Careers

SciLucent, Inc., a Northern Virginia-based scientific consulting firm providing technical, regulatory, and product development services to developers, manufacturers, and marketers of pharmaceuticals and medical devices, seeks a scientific professional with experience in nonclinical study conduct and nonclinical drug development to join our team of experienced professional toxicology consultants.  We are looking for an enthusiastic, adaptable, self-motivated individual with excellent communication skills.

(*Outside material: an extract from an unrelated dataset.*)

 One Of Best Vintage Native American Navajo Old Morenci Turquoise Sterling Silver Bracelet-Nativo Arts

Responsibilities of the position include:

• Manage or assist in managing all aspects of outsourced nonclinical studies including study design, competitive bidding, pre-study activities, study monitoring, data and report review.
• Provide technical and scientific nonclinical study advice for a wide range of study designs, route of administration, and species commonly used in drug development.
• Provide regulatory toxicology support to clients.
• Perform data and editorial quality review of scientific/regulatory documents.
• Author and or assist in the authoring of core scientific/regulatory documents.
• Interact with clients and vendors.
• Provide scientific and innovative advice to internal and external parties.
• Participate in business development activities.

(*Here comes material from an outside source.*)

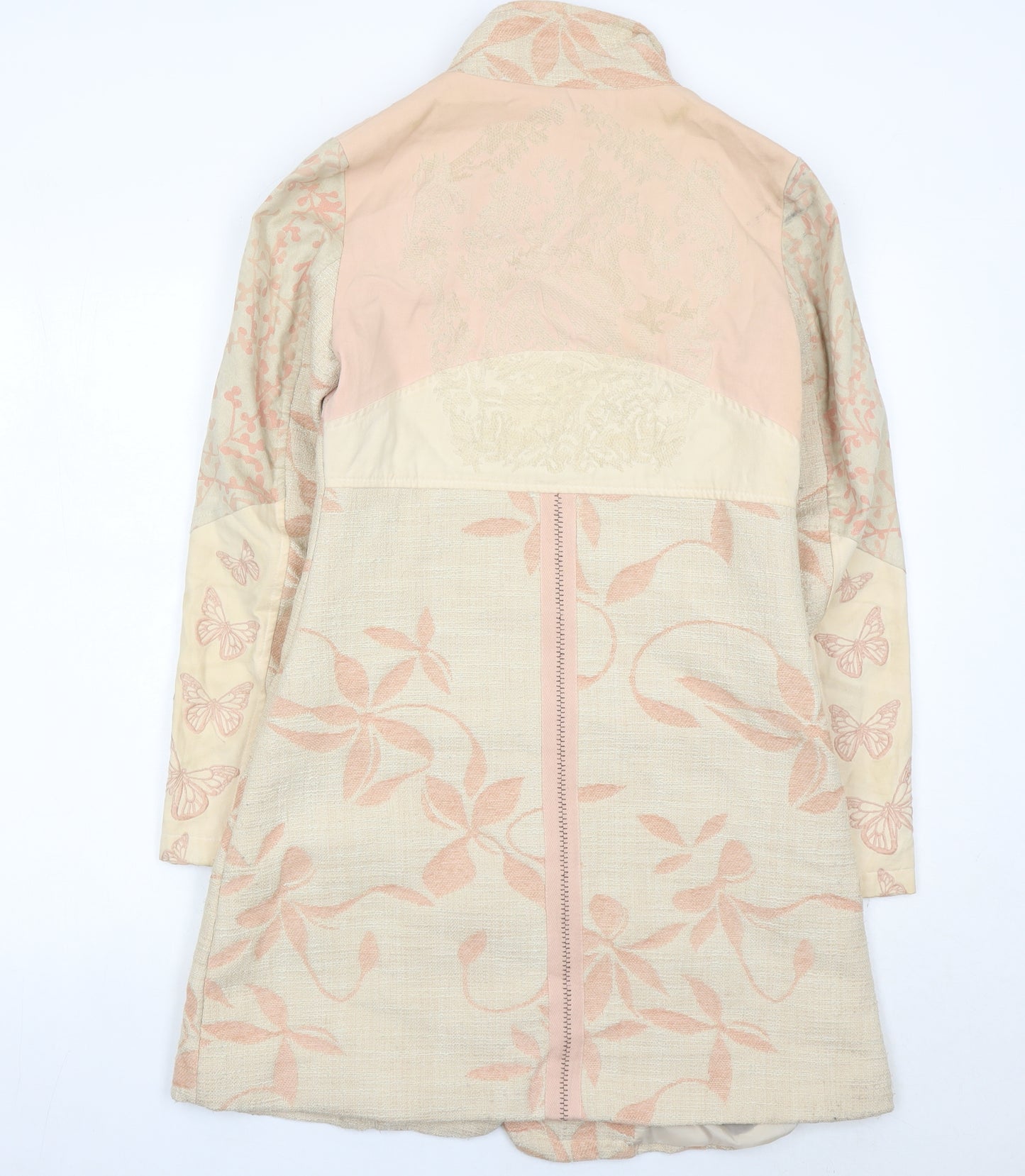 Cream Womens Beige Butterfly Floral Coat Size 6 Long Sleeve Overcoat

The ideal candidate will have the following:

• Bachelor’s degree in a scientific field (e.g., toxicology, biology) is required.  Master’s degree in pharmacology/toxicology preferred.
• Prior experience in Study Directorship or coordination in a Contract Research Organization (CRO) is highly desired.
• A minimum of 2 years in the pharmaceutical/biotechnology industry, CRO, and/or consulting.
• Good understanding of technical study conduct, study design, procedures, and documentation practices and regulatory requirements.
• Proven knowledge of Good Laboratory Practices (GLP).
• Knowledge of nonclinical drug development and submissions is highly desired.
• Demonstrated organizational and project management skills.
• Working knowledge of MS Word, Excel, PowerPoint and the ability to acquire knowledge of job specific software.
• Ability to work independently and within a group setting and to interact effectively with different functional areas.
• Good communication skills (oral, written, and interpersonal) and the ability to identify and recommend solutions to problems.
• Available to travel 25-50% of the time.

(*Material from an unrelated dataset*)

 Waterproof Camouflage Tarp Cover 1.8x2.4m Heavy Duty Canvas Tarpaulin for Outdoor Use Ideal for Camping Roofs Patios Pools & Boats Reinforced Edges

Both local and remote applicants will be considered and are encouraged to apply. Our most valuable resource is our people.  We hire intelligent, creative, passionate professionals with a strong desire to learn.  At our core – collaboration, camaraderie, growth, and collective hard work without egos.  Our culture is one that encourages, supports, and celebrates our colleagues!  We offer a congenial, supportive, and flexible work environment, the opportunity to work with knowledgeable consultants, and the ability to develop a tremendous amount of knowledge and expertise across many stages and areas of healthcare product development.  Additionally, we offer the following benefits:  medical, dental, vision, FSAs, HSA, EAP, Life insurance, disability insurance, 401K with company contribution, ESOP, Holidays, and PTO.  The base salary for this position ranges from $50,000 – $90,000 depending on qualifications and experience.  Any offered salary is based on internal equity, internal salary ranges, market data/ranges, applicant’s skills and prior relevant experience, certain degrees, and certifications.

Please send a resume and cover letter to [email protected].  Applications without cover letters will not be reviewed.

SciLucent is an equal opportunity employer.  We thank all applicants for their efforts in applying for our open position; while all applicants will be considered, only candidates selected for interviews will be contacted.